Oscar Jiménez

León.- En las ciudades, sin excepción, las luces navideñas forman parte importante de las celebraciones decembrinas.

De todas formas y desde tiempos remotos, las luces colocadas en árboles, fincas históricas y candiles de las avenidas principales, se han convertido en un acompañamiento importante de los ciudadanos.

Particularmente, las zonas céntricas de los municipios son aquellas en donde se dispone la colocación de cientos de luces. Para este atípico 2020, tan sólo en el municipio de León fueron colocados 2 mil metros de iluminación, dentro del marco del festival denominado Brilla León, que ha cambiado su sede a si como su forma de ‘presentación’ debido a los estragos de la pandemia por coronavirus.

“Solamente habrá dos elementos a pie de piso; uno de ellos es el árbol de Navidad en el Arco de la Calzada, mientras que también estará el nacimiento en la explanada del Templo Expiatorio”, dijo en su momento Gloria Magaly Cano de la Fuente, directora de turismo municipal de León, ante los cambios en la iluminación del municipio que se mantendrá hasta el 6 de enero.

Una tradición de décadas

Lo cierto es que la iluminación significa también el acompañamiento de algunos otros actos decembrinos que han cobrado tradición en las ciudades. En el caso de León, las posadas también se han vuelto fundamentales para la época entre sus ciudadanos.

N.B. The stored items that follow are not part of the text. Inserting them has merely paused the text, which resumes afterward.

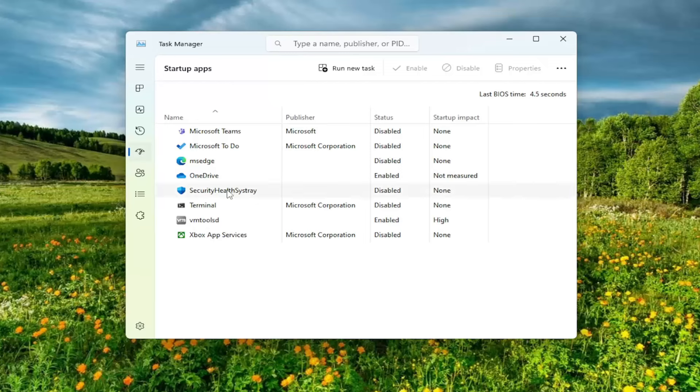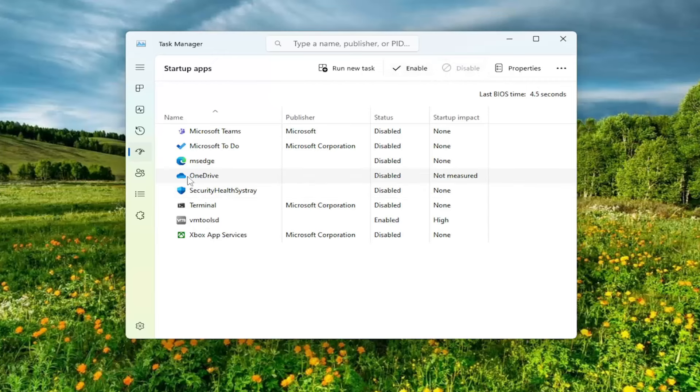And then on the right side you would select OneDrive and then select disable up at the top. This is just going to disable OneDrive from turning on every time your computer turns on. You can still manually launch OneDrive if you so choose.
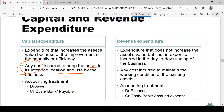The accounting treatment for capital expenditure is to debit the asset account with all costs incurred and credit cash or bank — or payable if it is on credit. Revenue expenditure, on the other hand, is an expenditure that does not increase the asset value.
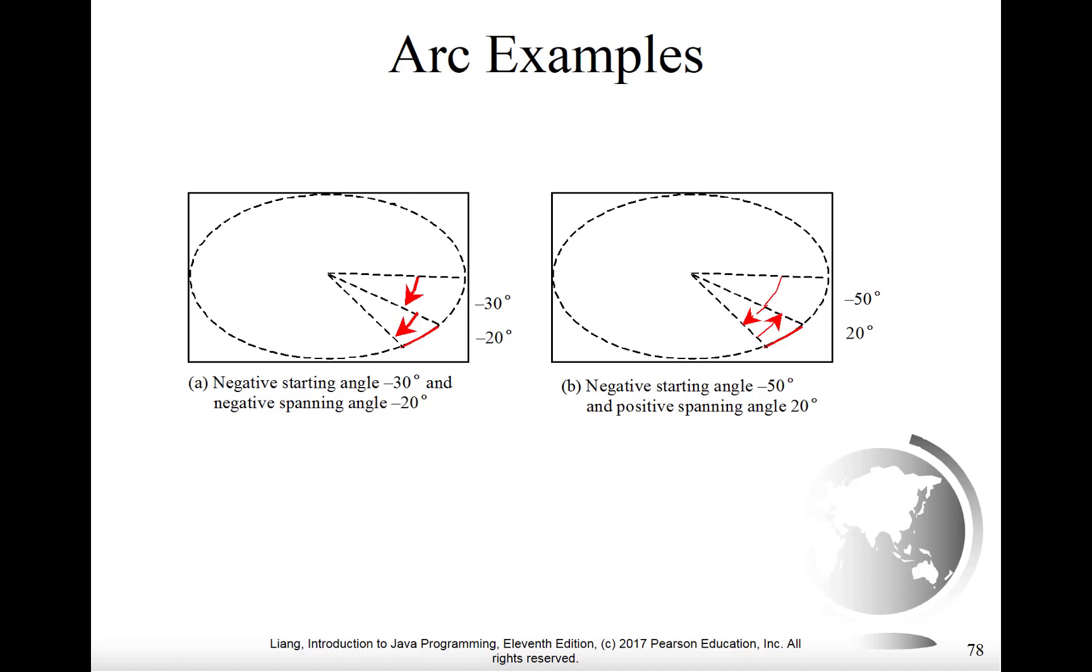And then the arc length is measured as negative 20 relative to that point. So in other words, the arc angle is measured from wherever the starting angle is, not back from the origin or the original place, not back from that horizontal line, but rather from where you wound up after applying the first angle. So the arc length goes from position negative 30 degrees to negative 50 degrees actually, because it's a 20 degree span that goes from negative 30 to negative 50.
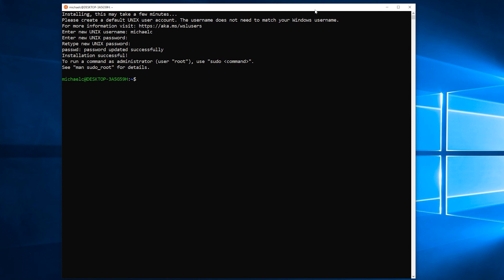And that's it. We're actually now ready to go, and we can start looking at installing and using Ansible on Windows 10.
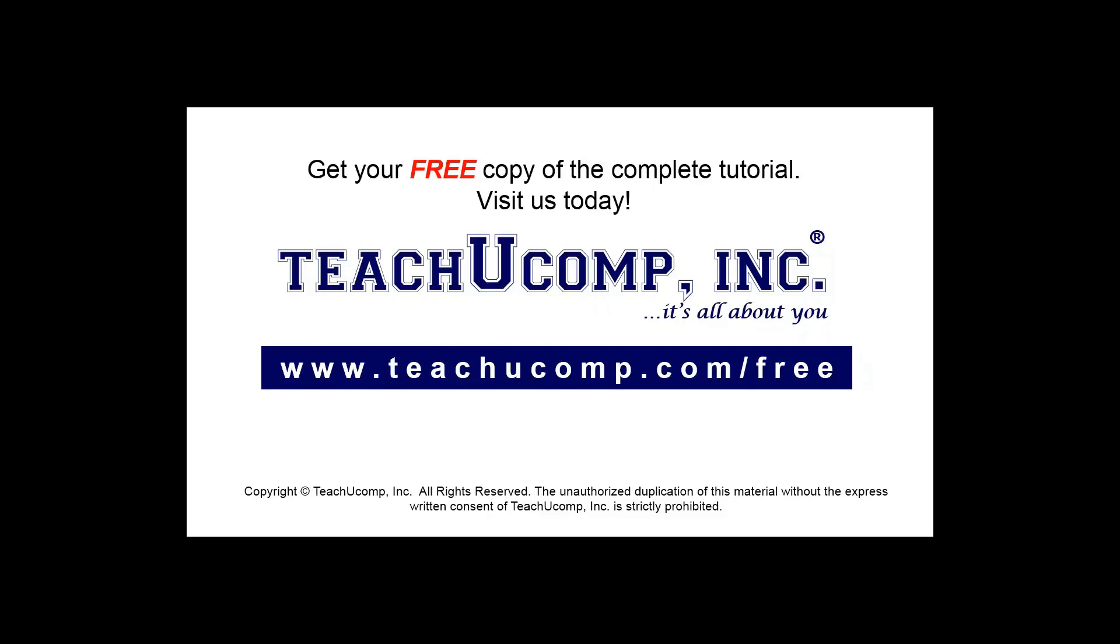Get your free copy of the complete tutorial at www.teachucomp.com forward slash free.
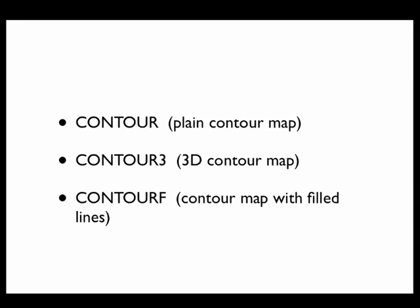Now, to make sense of this screencast and the next one, you need to know how to generate a plot of a two-variable function in MATLAB. If you don't know how to do that, I have some screencasts called Plotting Two Variable Functions in MATLAB, and part one of that series should be enough to get you started.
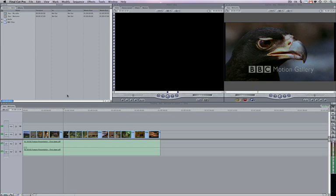Down here at the bottom is the timeline. This is the architectural plane for holding each of our sequences. A timeline holds sequences which hold our clips, both audio and video. You can see the video clips are in blue and the audio clips are in green.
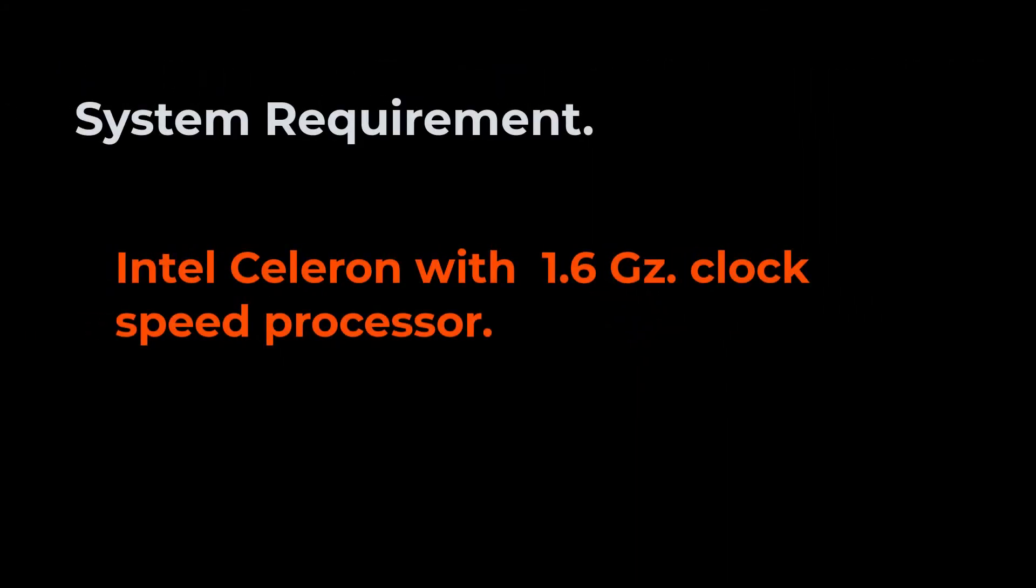System requirement: minimum CPU of Intel Celeron with 1.6 GHz clock speed.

Hay cohetes, después llevan ‘gallo’ partiendo del puente hasta llegar al jardín, donde todos van cantando. En este mismo mes hay feria en la calle Monterrey para celebrar las ‘crucitas’, donde nunca faltan el tiro al blanco, los caballitos, los cochecitos de colores y la rueda de la fortuna”, se narra de las fiestas en el Barrio del Coecillo, en el número 82 de la Revista Tiempos del Archivo Histórico de León, y que fuera editada durante el año de 2004.

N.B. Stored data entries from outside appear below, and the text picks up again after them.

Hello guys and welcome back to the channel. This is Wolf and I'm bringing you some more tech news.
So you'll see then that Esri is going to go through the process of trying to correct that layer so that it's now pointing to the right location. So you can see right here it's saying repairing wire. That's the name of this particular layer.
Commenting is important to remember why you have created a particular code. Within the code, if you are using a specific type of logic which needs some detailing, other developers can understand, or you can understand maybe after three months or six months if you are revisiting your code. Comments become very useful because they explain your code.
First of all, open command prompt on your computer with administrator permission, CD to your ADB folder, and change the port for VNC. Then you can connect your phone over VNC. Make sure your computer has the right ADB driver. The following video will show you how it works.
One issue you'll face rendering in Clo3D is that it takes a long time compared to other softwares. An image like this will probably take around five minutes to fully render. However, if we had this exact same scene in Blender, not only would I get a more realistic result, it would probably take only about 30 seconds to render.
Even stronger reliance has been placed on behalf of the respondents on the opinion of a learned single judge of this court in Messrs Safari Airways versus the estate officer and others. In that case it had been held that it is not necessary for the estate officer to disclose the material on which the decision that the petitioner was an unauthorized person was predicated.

En la ciudad, Fray Daniel Mireles sería uno de los impulsores de las festividades -católicas- en torno a la Navidad, pues también los archivos municipales gozan de la descripción de los ‘nacimientos vivientes’ de Mireles en el Barrio del Coecillo, así como las posadas que se volvieron tradiciones en los alrededores del templo de San Francisco.

En la actualidad siguen siendo muy concurridas las posadas, sobre todo en el templo de San Francisco donde los frailes promueven la convivencia de los parroquianos a quienes se les invita a compartir los tamales, ponches, buñuelos y aguinaldos con vecinos y visitantes”, se señala en el mismo número de la revista leonesa.

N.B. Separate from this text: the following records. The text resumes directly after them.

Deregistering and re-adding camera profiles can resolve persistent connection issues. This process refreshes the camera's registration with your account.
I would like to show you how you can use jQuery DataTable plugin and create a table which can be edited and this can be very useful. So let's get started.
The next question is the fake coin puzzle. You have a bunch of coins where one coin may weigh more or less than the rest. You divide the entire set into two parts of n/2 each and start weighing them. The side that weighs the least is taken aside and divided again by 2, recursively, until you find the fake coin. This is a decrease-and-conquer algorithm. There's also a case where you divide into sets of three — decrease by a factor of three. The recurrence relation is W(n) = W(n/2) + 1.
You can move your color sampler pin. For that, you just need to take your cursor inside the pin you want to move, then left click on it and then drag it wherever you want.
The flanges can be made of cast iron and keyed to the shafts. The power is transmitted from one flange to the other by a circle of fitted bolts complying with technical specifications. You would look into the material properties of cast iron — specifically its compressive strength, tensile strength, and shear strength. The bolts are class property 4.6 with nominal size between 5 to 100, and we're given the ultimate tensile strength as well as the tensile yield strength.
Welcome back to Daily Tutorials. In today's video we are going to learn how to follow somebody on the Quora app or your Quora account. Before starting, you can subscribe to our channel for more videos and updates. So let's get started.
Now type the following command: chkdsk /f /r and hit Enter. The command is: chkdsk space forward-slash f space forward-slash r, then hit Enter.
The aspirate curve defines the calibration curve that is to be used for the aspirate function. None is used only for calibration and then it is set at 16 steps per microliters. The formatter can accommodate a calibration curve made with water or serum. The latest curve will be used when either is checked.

Lo cierto es que este año es diferente, dado que, de acuerdo a los protocolos de sanidad municipales y estatales, dichas celebraciones no están permitidas, y de cara al semáforo rojo (a iniciarse nuevamente el 28 de diciembre), los aforos en reuniones se mantienen recortados, además de la obligatoriedad del uso del cubrebocas entre otras recomendaciones.